Pertemuan Jati dengan Kemara dan Raras Prayagung membuat Jati harus menggunakan hidungnya dengan benar. Aroma busuk Bantar Gebang bukan apa-apa dibanding aroma-aroma baru yang Jati Wesi temui. Termasuk membaui aroma pantai, aroma laut, aroma gunung, aroma padang rumput, aroma wanita, aroma cinta sampai pada aroma intrik, tipu muslihat dan ambisi manusia lain.

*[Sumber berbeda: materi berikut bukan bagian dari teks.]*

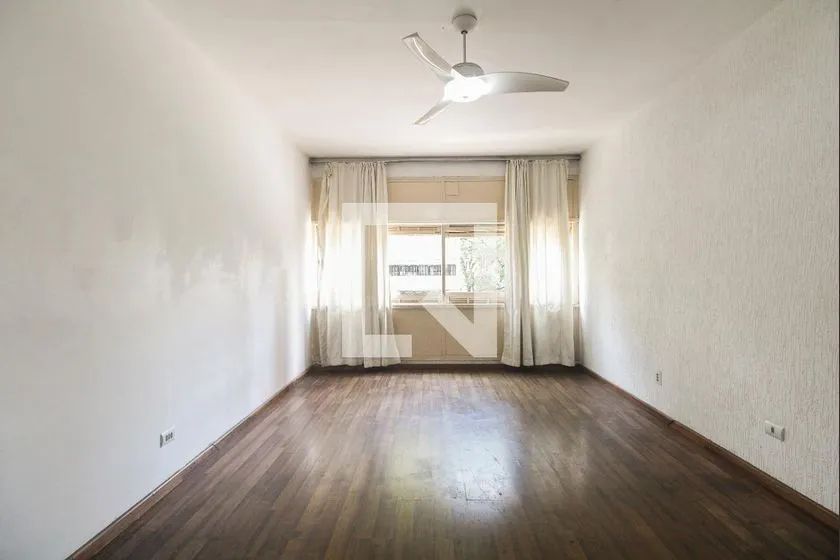Apartamento à Venda - Tatuapé, 3 Quartos, 107 m2 - Foto 4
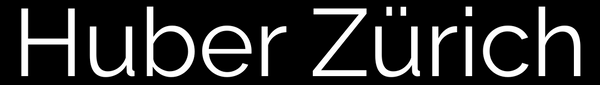 Huber Zürich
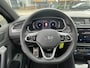 Volkswagen Tiguan 1.5 TSI R-Line | panoramadak | trekhaak.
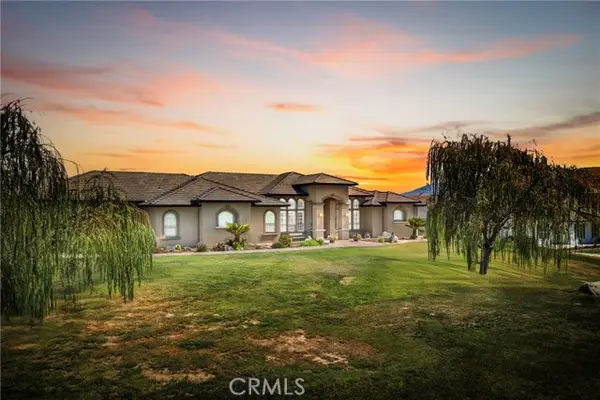 11035 Rio Mesa Drive, Bakersfield, CA 93308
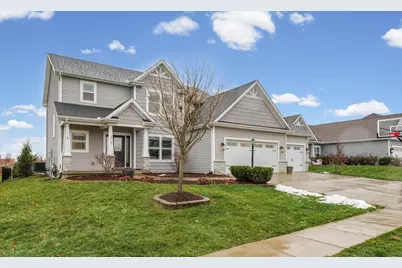 313 London Way, Savoy, IL 61874 - Photo 7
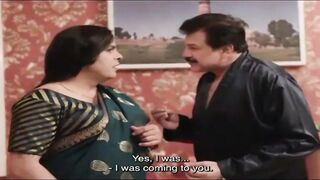 Shilpa Ka Shikaar 2024 Primeplay Hindi Porn Web Series Episode 3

Seperti halnya pendengaran manusia yang terbatasi pada frekuensi 20 hz hingga 20.000 hz, penciuman manusia pun demikian. Bedanya penciuman manusia tak ada takaran dalam angka statistika. Walaupun begitu tak ada bau bukan berati tak beraroma, Dewi Lestari mendefinisikan ini dengan menjadikan keterbatasan penciuman manusia sebagai premis dalam tidak terciumnya aroma benda atau makhluk hidup. Lalu kembali lagi pada Jati Wesi yang dihadirkan untuk memberikan bukti sekaligus kesimpulan bahwa aroma setiap benda itu ada.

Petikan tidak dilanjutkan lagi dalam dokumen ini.